Alibaba sales forecast tops all estimates as new forays pay off

People cycling past the Alibaba Group's headquarters, on the outskirts of Hangzhou, in eastern China, on Nov 10, 2014. PHOTO: REUTERS

HONG KONG (BLOOMBERG) - Alibaba Group Holding forecast sales growth that topped every analysts' estimate, defying expectations that growth must slow by dint of a decelerating economy and its own sheer scale.

China's largest e-commerce company forecast 45 to 49 per cent revenue growth in the year ending March, sustaining a near-unbroken run of 40 per cent-plus annual rises and underscoring how investments into businesses beyond its bread-and-butter of online shopping are paying off. The company's German shares rose as much as 5.2 per cent.

Alibaba and Tencent Holdings - which dominate online shopping and social media, respectively - have ventured deeper into new areas from cloud computing services to streaming music and video as the country's economy slows. The online shopping giant founded by billionaire Jack Ma is capturing more digital advertising spending by incorporating social elements like video in its shopping sites.

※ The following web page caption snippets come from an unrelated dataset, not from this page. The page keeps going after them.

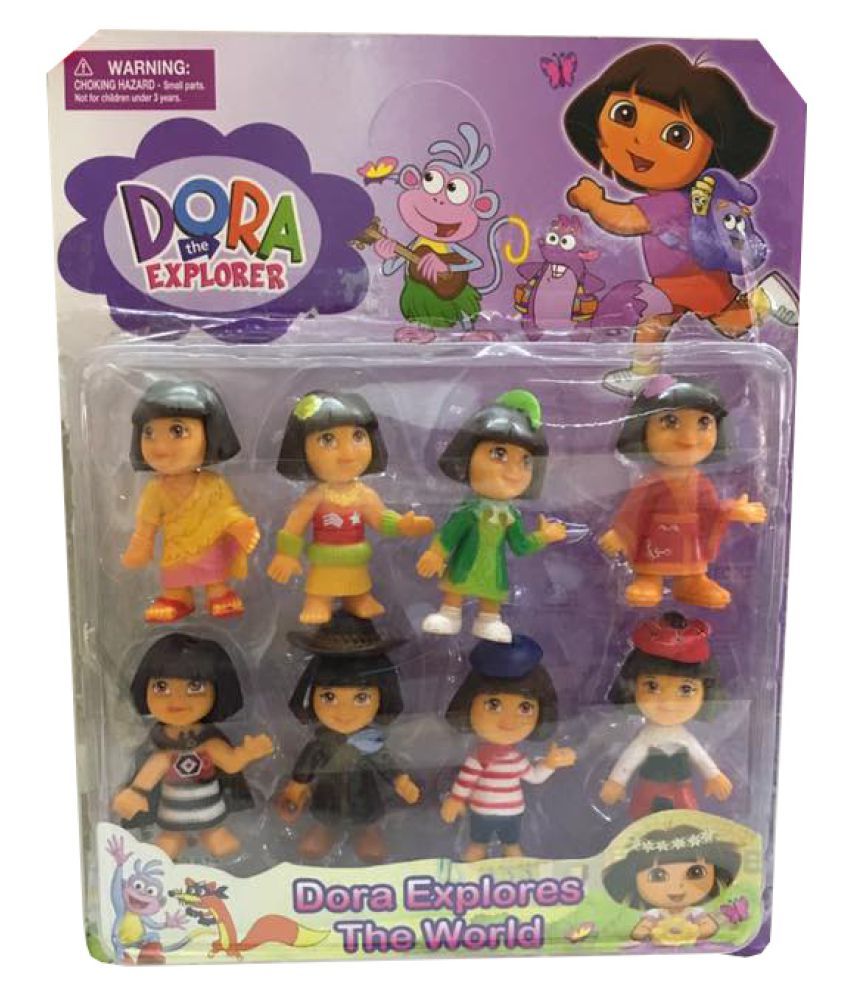 AZI Multicolor Dora Action Figure For Kids - Buy AZI Multicolor Dora ...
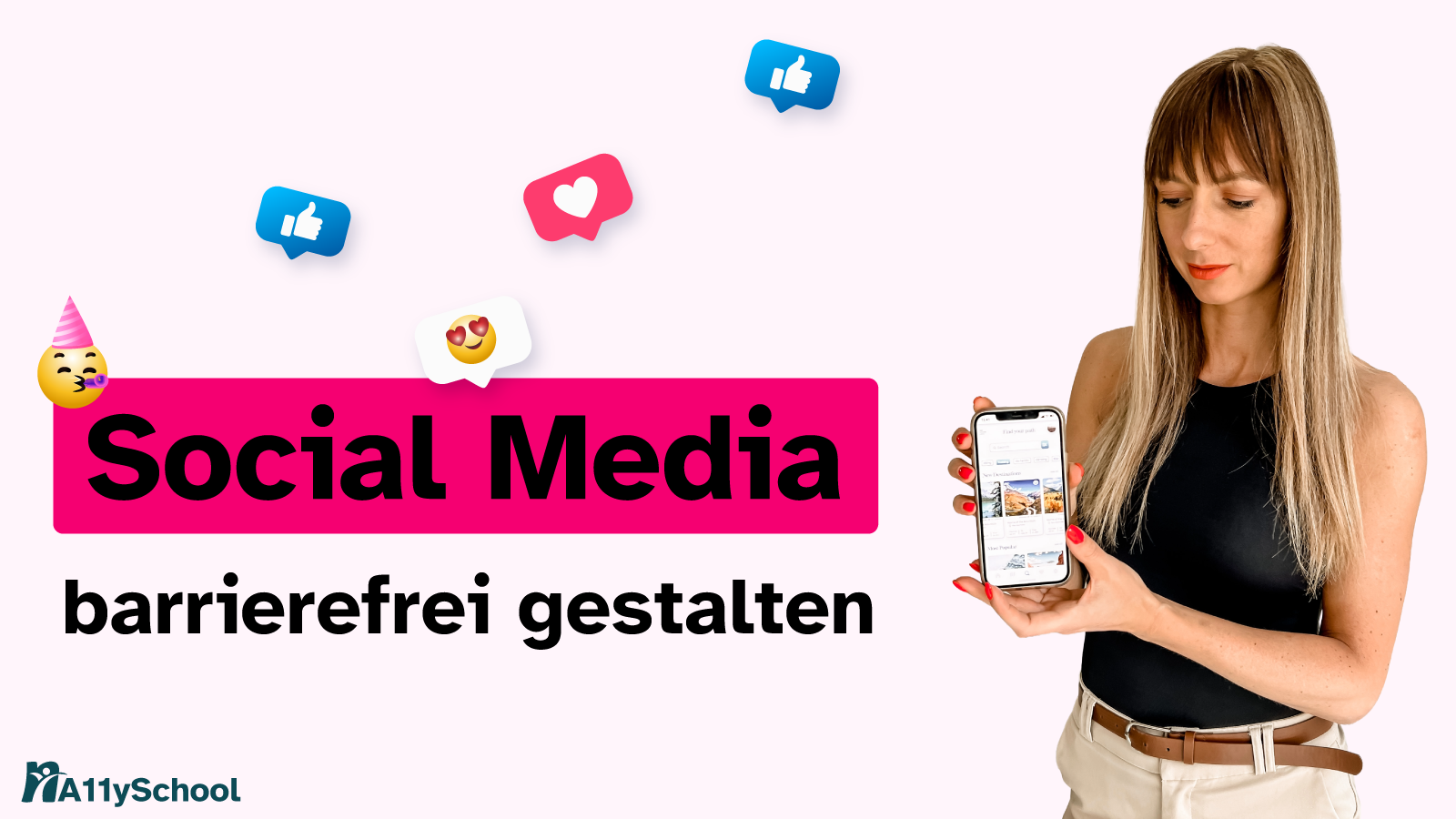 Kurs Header Bild: Social Media barrierefrei gestalten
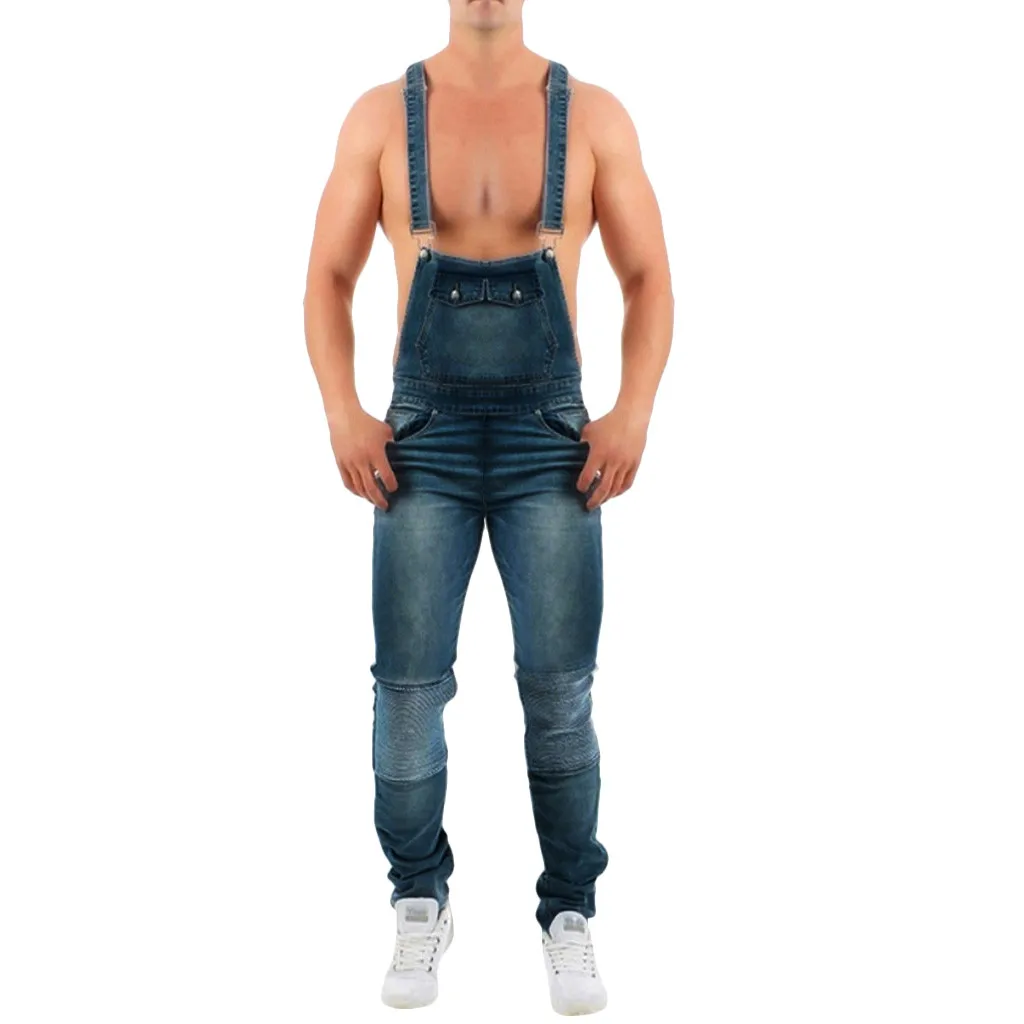 Ripped Jeans Jumpsuits Street Distressed Hole Denim Bib Overalls Man Suspender Wash Broken Pocket Trousers Full Length Pants
Ripped Jeans Jumpsuits Street Distressed Hole Denim Bib Overalls Man Suspender Wash Broken Pocket Trousers Full Length Pants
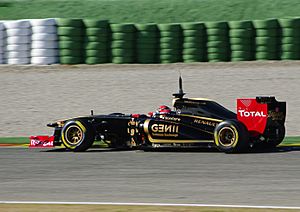 2011 Robert Kubica testing in Valencia in Renault R31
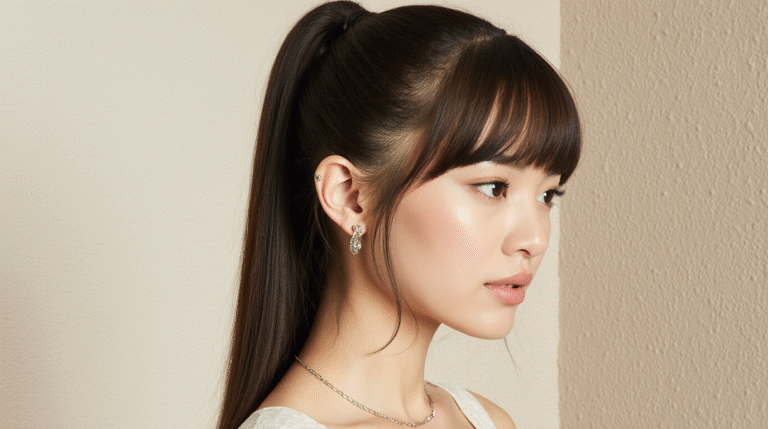 27 Weave Ponytail Hairstyles with Bangs:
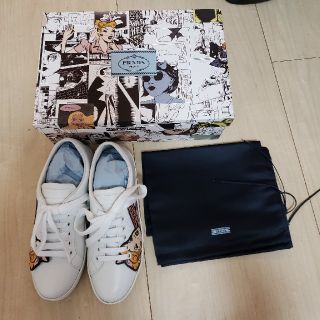 プラダ(PRADA)のプラダ/PRADA/スニーカー/靴/アメコミ/レザー(スニーカー)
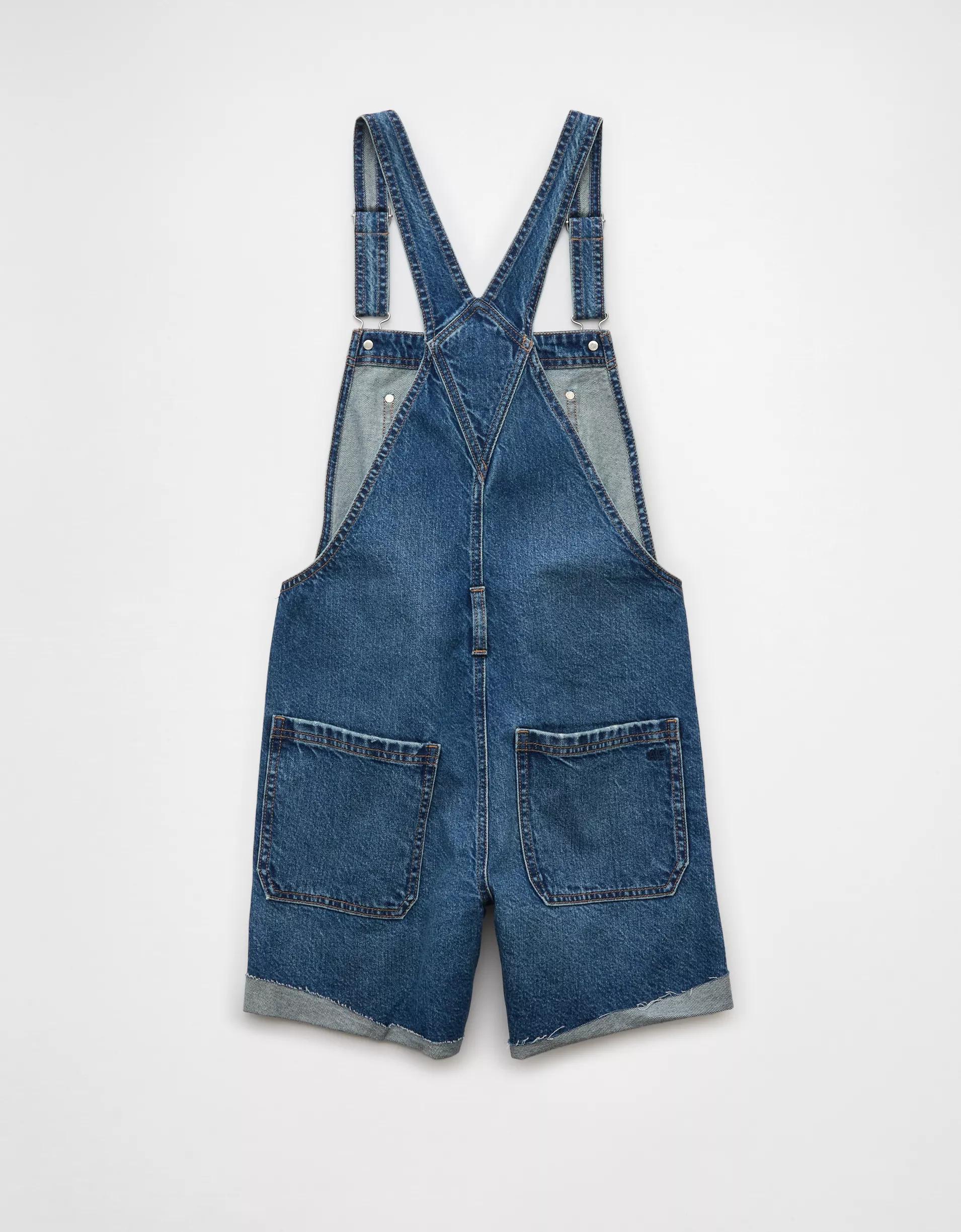 AE Baggy Denim Short Overall Product Image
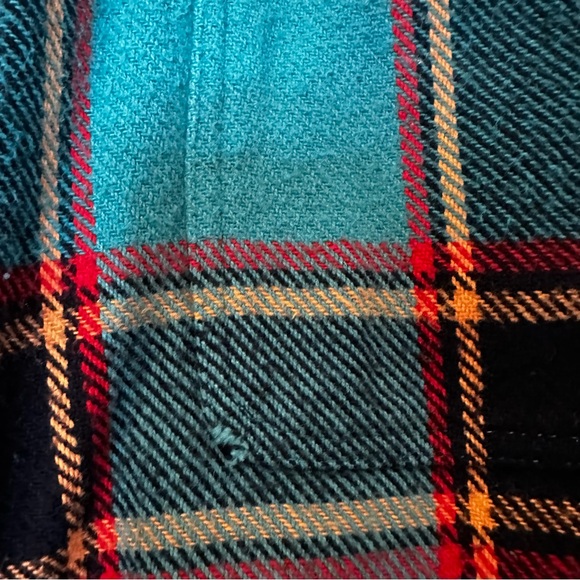 MOTHER The Fringe Benefits Plaid Shirt Size Large - Picture 8 of 9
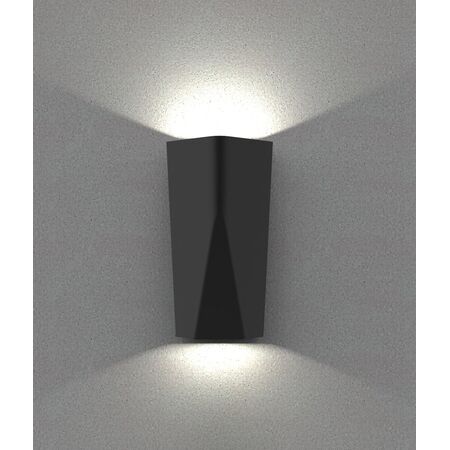 WIGTRI: Exterior LED Tri-CCT Surface Mounted Featured Up/Down Wall Lights IP65
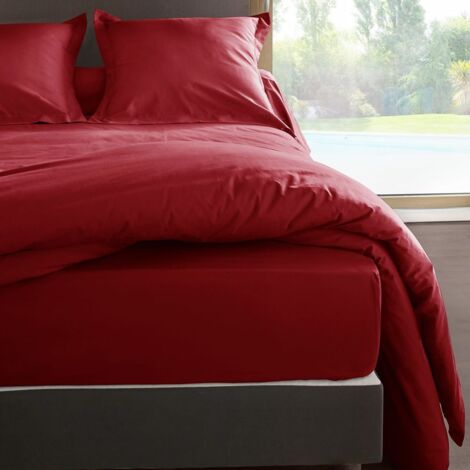 Housse de couette Rubis en percale 140 m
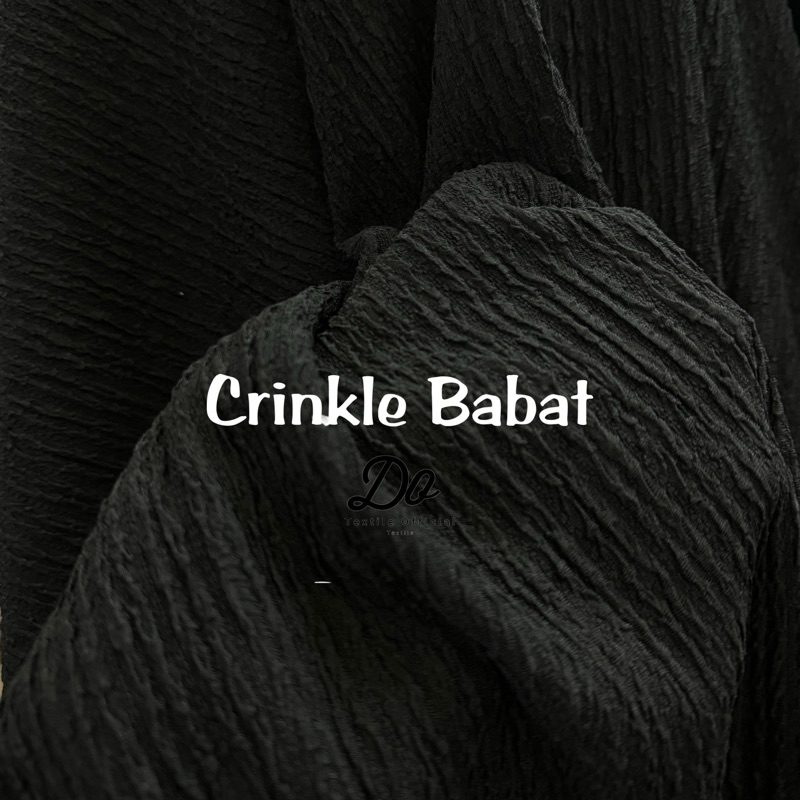 KAIN KAOS CRINKLE BABAT SALUR AKAR KEKINIAN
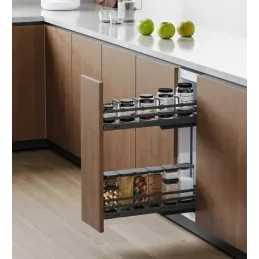 Izvlačna košara RANGER s tihim zatvaranjem / Antracit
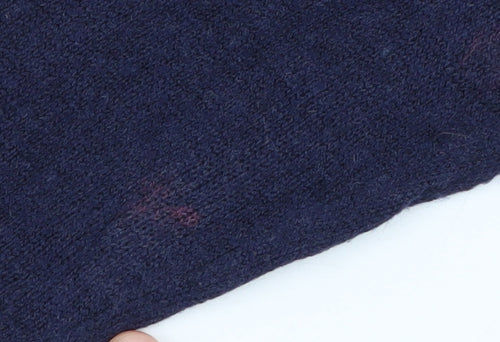 Superdry Women's Blue Jumper Size 12 Long Sleeve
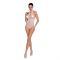 Бодістокінг з декольте Passion BS088 white, імітація корсетної шнурівки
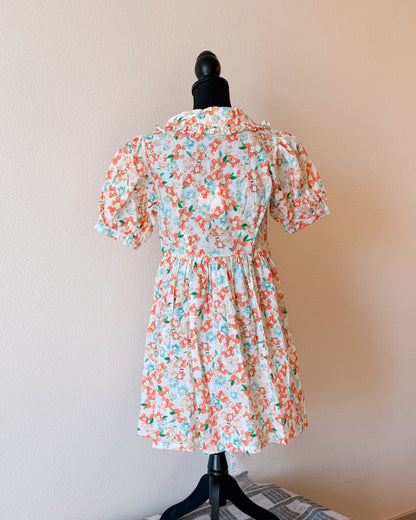 CLAIRE CORAL DRESS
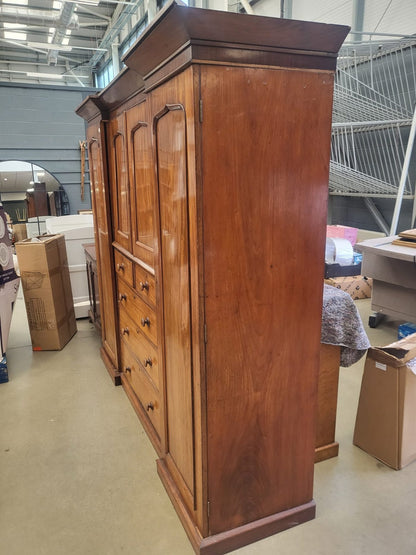 Antique Victorian breakdown compactum wardrobe drawers cupboard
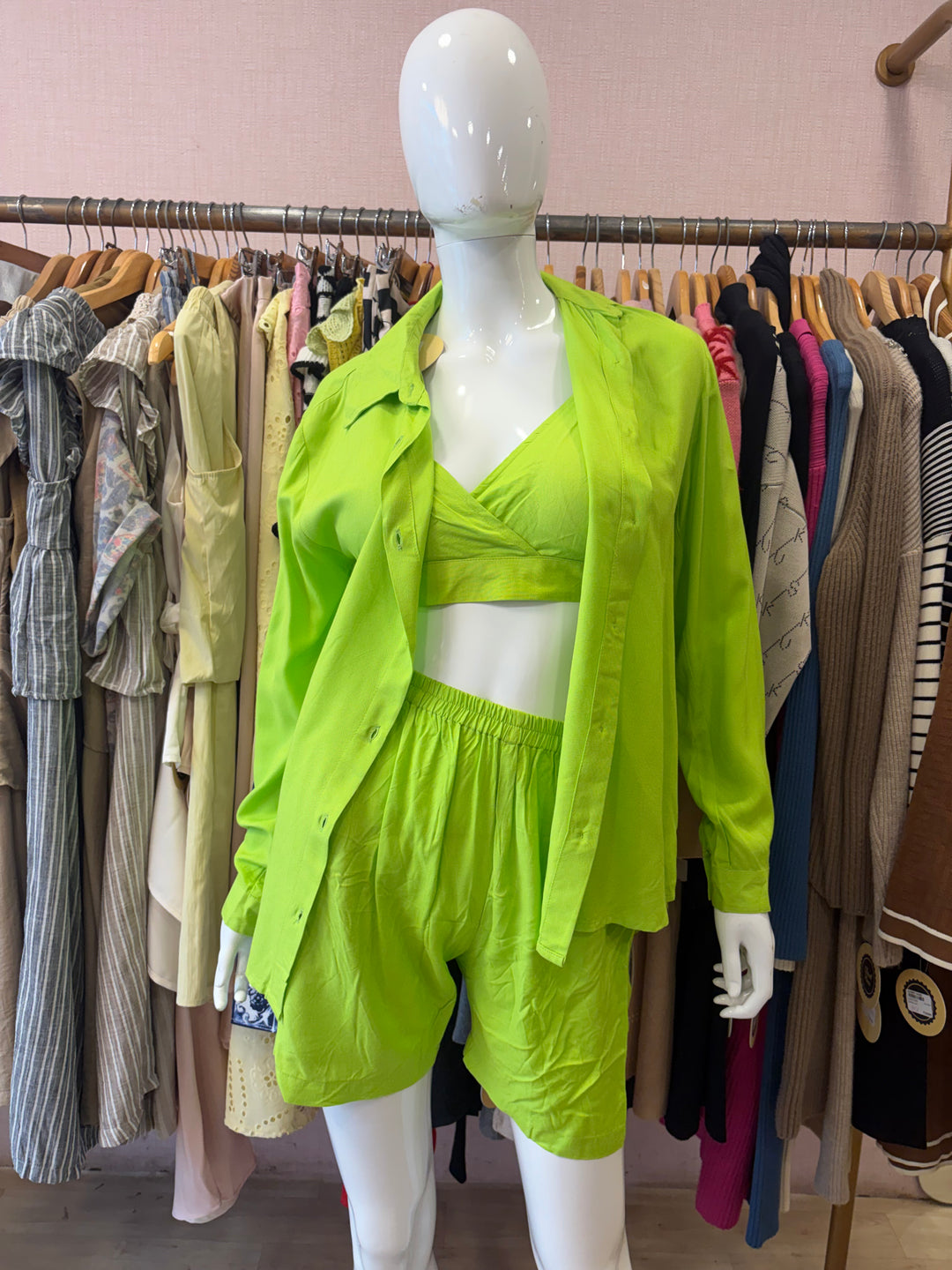 Padded three piece set- green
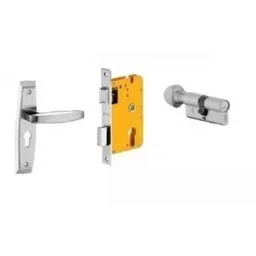 Dorset HL Series Badroli 60mm Stainless Steel Door Handle Lock Set with Coin &a; Knob (Pack of 2)-picture-29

To reflect an increasingly diverse customer base, Alibaba will start reporting "active consumers" as opposed to just buyers, chief financial officer Maggie Wu said during the company's annual investor-day conference on Thursday (Jun 8). It will begin to disclose "customer management revenue" instead of just online marketing, to reflect a broader base of advertising platforms.

"Its market valuation has fallen behind Tencent's recently, so the forecast could inject some confidence," said Ray Zhao, an analyst at Guotai Junan Securities. "This will be good news for its share price, which could rise 6 to 7 per cent based on this forecast," he added without specifying a timeframe.

The forecast compares with the 35 per cent average of estimates and surpassed the most bullish projection of the 43 analysts tracked by Bloomberg.

Alibaba is spending billions of dollars on new businesses in part to counter Tencent's increasing dominance of online social media and entertainment through WeChat, a messaging and networking powerhouse.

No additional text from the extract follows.